**The problem**
Up to and including the line holding "TV and multimedia, Seating", write out the data exactly from its first line, but not the pictures.

Supplied data section start

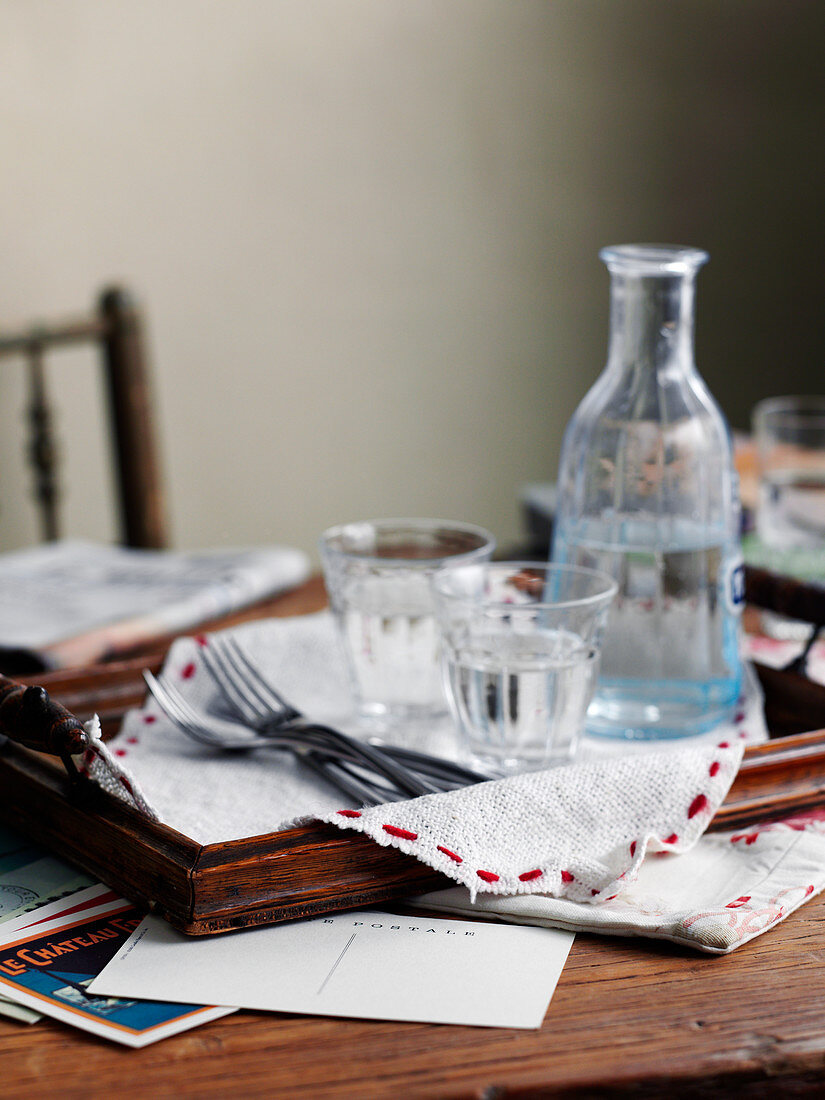 A carafe of water and water glasses on a wooden tray on a desk
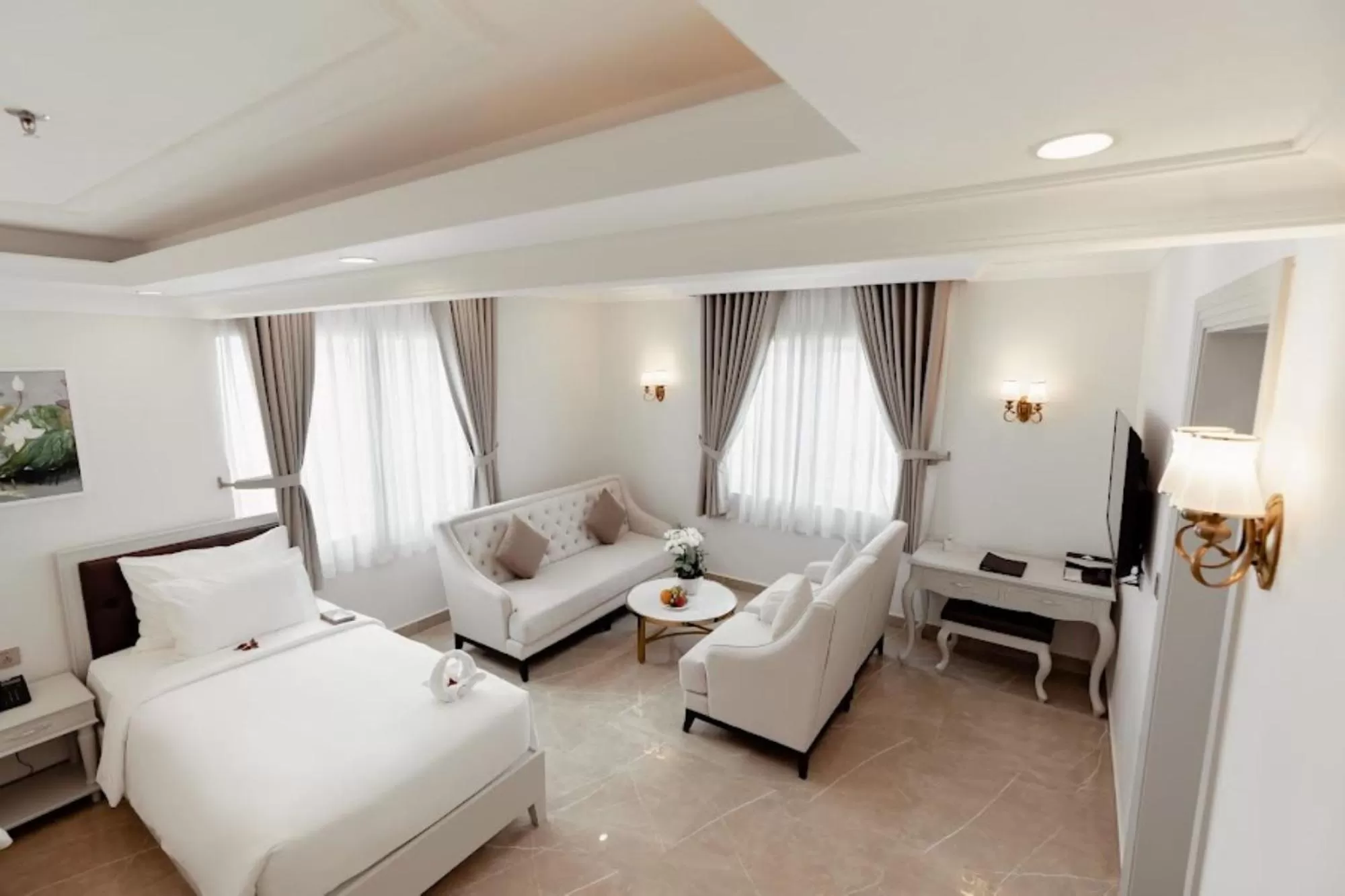 TV and multimedia, Seating Area in MerPerle Beach Hotel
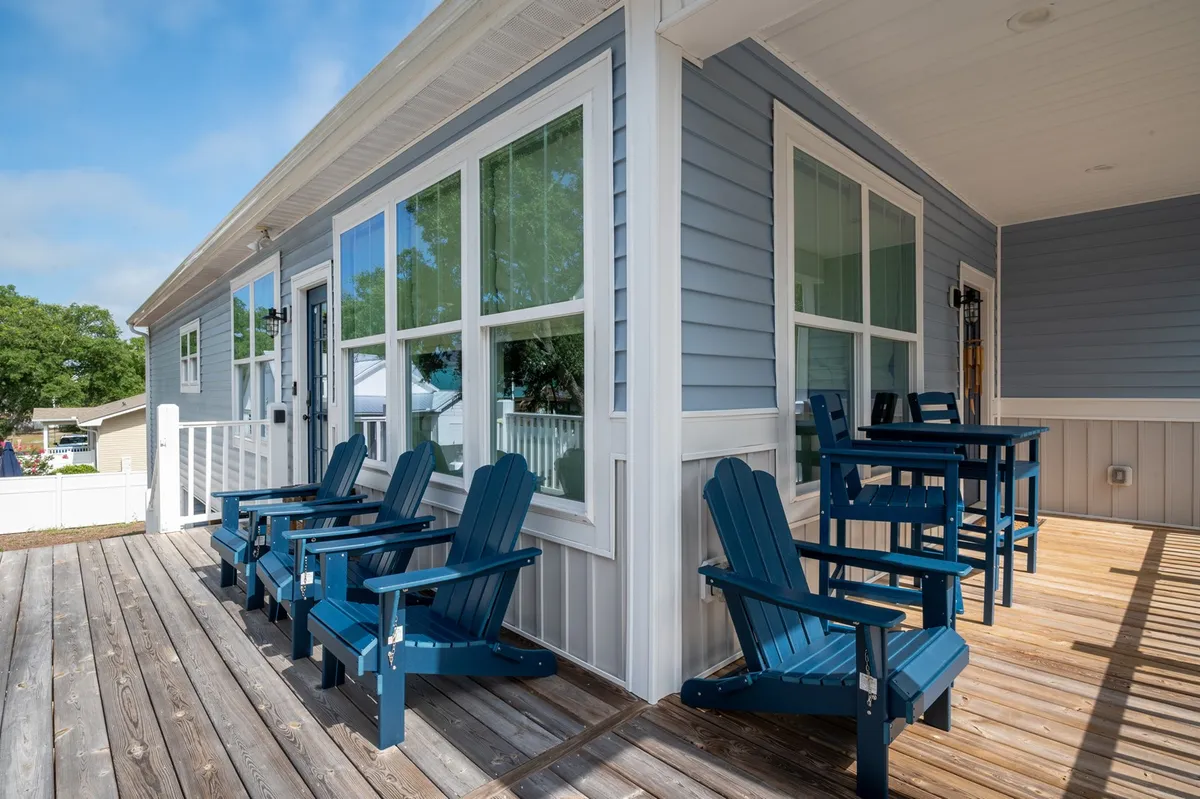 A tranquil exterior deck scene featuring blue Adirondack chairs arranged invitingly, with large windows reflecting the natural light. The wooden deck space is ideal for relaxing, socializing, and enjoying the outdoors. The open setup allows for sunset views and creates a seamless connection to the coastal environment.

Supplied data section end

**Reply**
 A carafe of water and water glasses on a wooden tray on a desk
 TV and multimedia, Seating Area in MerPerle Beach Hotel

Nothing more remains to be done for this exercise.